Refreshing your server fleet in a Manufacturing environment

Does the risk of downtime to your production lines outweigh the rewards of server refresh?

As an IT manager, one of our roles is to influence our senior management to plan & approve capital funds on IT server upgrades where it makes sense. Needless to say, we always have to demonstrate as best we can, the benefits of such a capital investment, ideally in a Return-On-Investment (ROI) terms. Many of us use varying forms of cost benefit analysis algorithms to come up with what we believe to be logical data based recommendations. Server technology as with most other technologies is advancing year on year with improvements in many areas, most notably, power efficiency, performance, form factor.
My observations from conversations with peers in several manufacturing industries, has been the reluctance to upgrade their environment’s server fleet at the same cadence as the broader enterprise fleet.  I decided to write this blog to understand why. Well, one argument may be when the underlying manufacturing central systems applications are working fine on the existing h/w,  the attitude is ‘if it’s not broke, don’t fix it’.  We don’t want IT getting in the spotlight for unscheduled downtime affecting company product commitments. Furthermore, the impact or loss of production when refresh cycle occurs i.e. in non-clustered environments where you have to bring your automation systems down in a scheduled manner to replace the servers. Ideally at least  in a clustered environment, you can stage the upgrades with less impact, as one set of node in the cluster manages the workload while the other half is being replaced and vice versa. However, sometimes applications have not been developed for clustering/redundancy and one doesn’t have the option. Something for all of you to consider as harden existing environments over time when finance permits is to influence you app development teams to ensure strong redundancy / fault tolerance is built in at design phase.
Another regular problem exists when your production systems are not continually re-qualified on the latest server hardware at the same rate as the h/w being offered by the OEMs. This places a larger burden on the software development teams and others to perform lengthy validations which can take them away from their core job of working on the latest software enhancements for the production systems.
Server refresh introduces unknown risks, as all the pre-production software testing and validation on the new platform doesn’t always find all the bugs. It goes without saying that the risk of introducing new potential issues/impacts into the production environment generally arises from any changes made to any part of the production system, software, hardware or human error during the upgrade process. All of which can cause unscheduled outages to factory production.
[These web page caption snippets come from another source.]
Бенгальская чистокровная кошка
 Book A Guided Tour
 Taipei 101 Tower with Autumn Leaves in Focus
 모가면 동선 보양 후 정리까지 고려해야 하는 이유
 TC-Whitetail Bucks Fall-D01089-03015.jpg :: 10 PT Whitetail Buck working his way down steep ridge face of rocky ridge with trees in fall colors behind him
So with all the potential risks/downsides, how do we weigh those against the longer term benefits of upgraded IT/Automation server fleet? The answer isn’t always as clear cut from my experience, as you’re trying to compare factual data against many unknowns e.g. how to accurately can you put  a cost on the risk of impact & the potential for production downtime. The information gathered from here in Intel has consistently shown us that our systems reliability, performance and total cost of ownership [TCO] have improved with every refresh cycle. As a simple and very recent example (I could give more); for one of our production applications in a non-virtualized environment, my team recently replaced approx. 90 physical servers with 19 latest OEM models based on IAx86 of course. The ROI payback was <2yrs, as we were able to reduce the our TCO by removing the maintenance contract costs, reducing our power costs, improving server reliability and thus reducing human intervention to enable our engineers work on other value add projects and that’s the big intangible. An added bonus was that we obviously freed up data center physical capacity to prevent the need for future DC expansions which are a costly endeavor. We could have chosen to do nothing as the customer wasn’t complaining of application performance degradation, however, we as IT people knew the benefit in terms of cost savings to our business in many different ways, some more easily quantifiable than others.
So my recommendation from many years managing IT in an Automated Manufacturing / Industrial environment is that it does indeed make a lot of sense to upgrade the server fleet. However, my experience tells me the key drivers continue to be where you see Application performance improvements & EndOfLife / EofOfSupport hardware triggers. You should be influencing your peer orgs to ensure solid requalification & test processes exists to manage the change as this is an ongoing part of our jobs. After that, you can’t deny that you’re offering the business the very latest and greatest IT infrastructure which should always offer more than its technology predecessors at a fraction of the ongoing maintenance costs. No pain, no gain !.
I’d be interested to hear from those who are keeping their IT manufacturing systems up to the latest spec of h/w on an ongoing basis and if you’ve anything to add in terms of the benefits and/or pitfalls encountered.